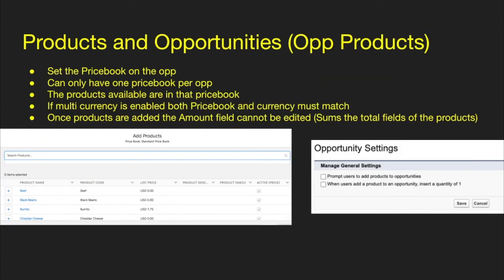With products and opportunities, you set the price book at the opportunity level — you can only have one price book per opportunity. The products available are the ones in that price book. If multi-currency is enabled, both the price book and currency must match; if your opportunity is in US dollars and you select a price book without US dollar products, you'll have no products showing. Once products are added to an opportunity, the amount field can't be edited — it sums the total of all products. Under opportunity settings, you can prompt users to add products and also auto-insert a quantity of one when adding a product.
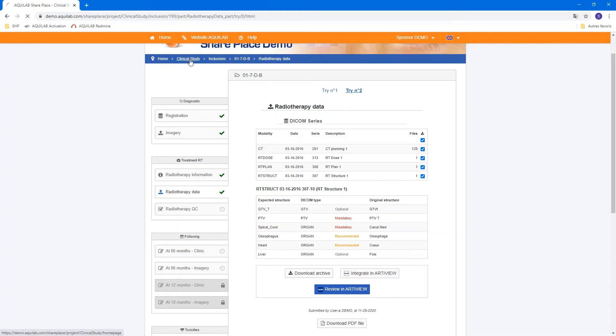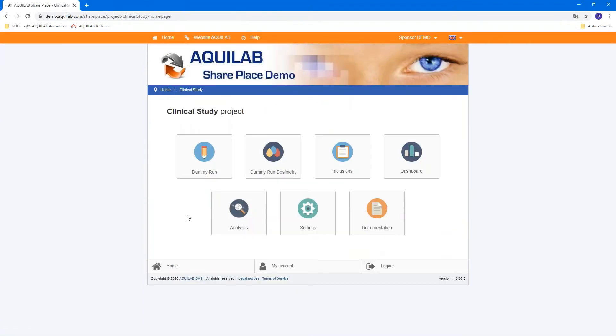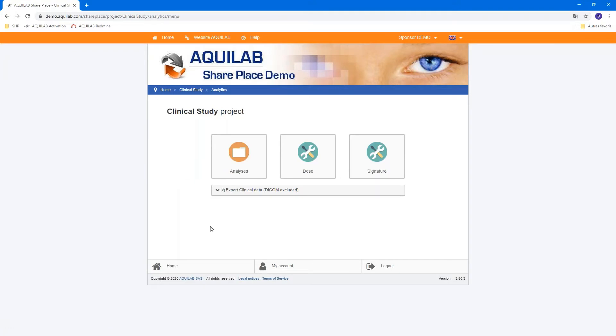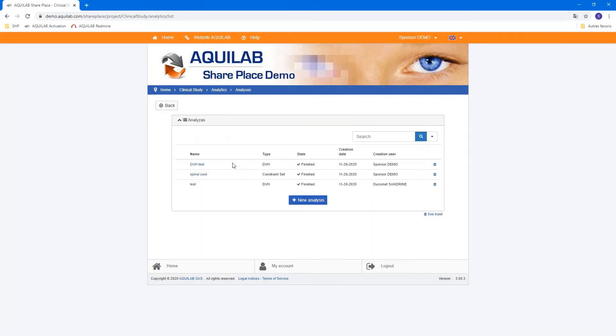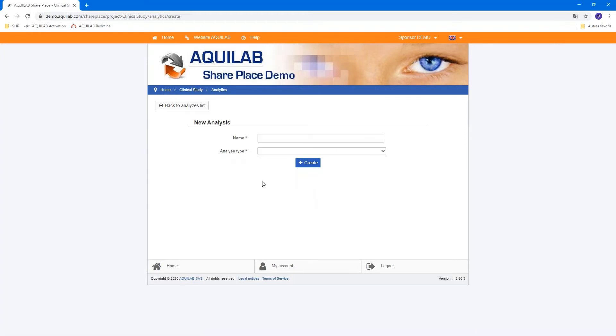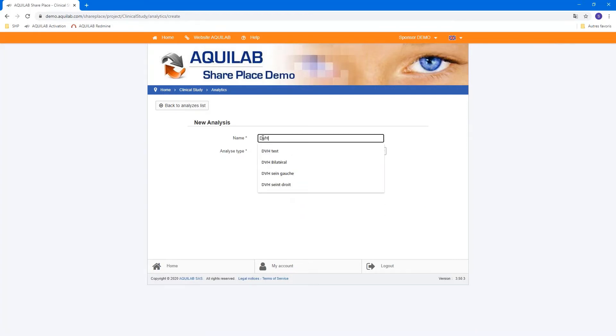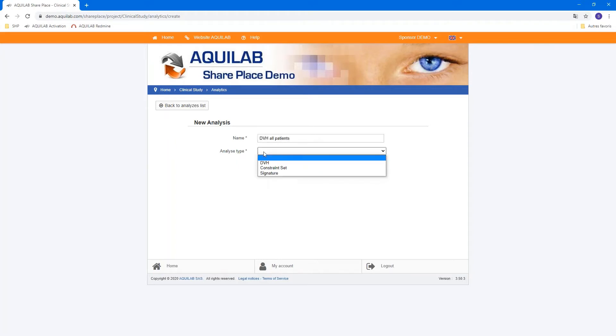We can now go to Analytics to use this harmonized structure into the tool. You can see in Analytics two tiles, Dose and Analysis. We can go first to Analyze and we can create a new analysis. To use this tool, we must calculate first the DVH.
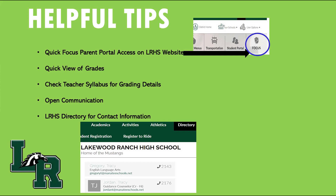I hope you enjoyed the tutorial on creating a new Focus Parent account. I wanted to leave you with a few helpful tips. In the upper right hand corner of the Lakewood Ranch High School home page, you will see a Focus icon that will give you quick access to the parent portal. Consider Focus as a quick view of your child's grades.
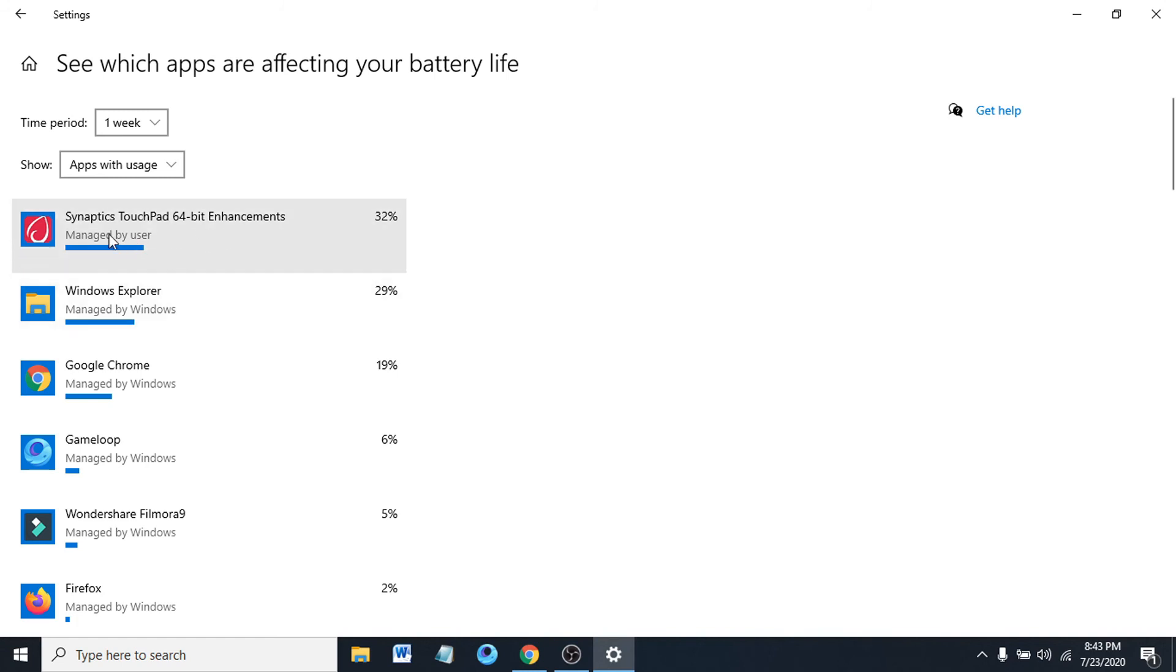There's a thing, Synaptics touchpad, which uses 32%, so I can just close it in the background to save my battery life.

• ASSIGNMENT: Excluding images, output exactly the lines from the one that holds "We can now go" through the final line of the material, both ends included.

• ANSWER AREA:
We can now go to Analytics to use this harmonized structure into the tool. You can see in Analytics two tiles, Dose and Analysis. We can go first to Analyze and we can create a new analysis. To use this tool, we must calculate first the DVH.
I hope you enjoyed the tutorial on creating a new Focus Parent account. I wanted to leave you with a few helpful tips. In the upper right hand corner of the Lakewood Ranch High School home page, you will see a Focus icon that will give you quick access to the parent portal. Consider Focus as a quick view of your child's grades.
There's a thing, Synaptics touchpad, which uses 32%, so I can just close it in the background to save my battery life.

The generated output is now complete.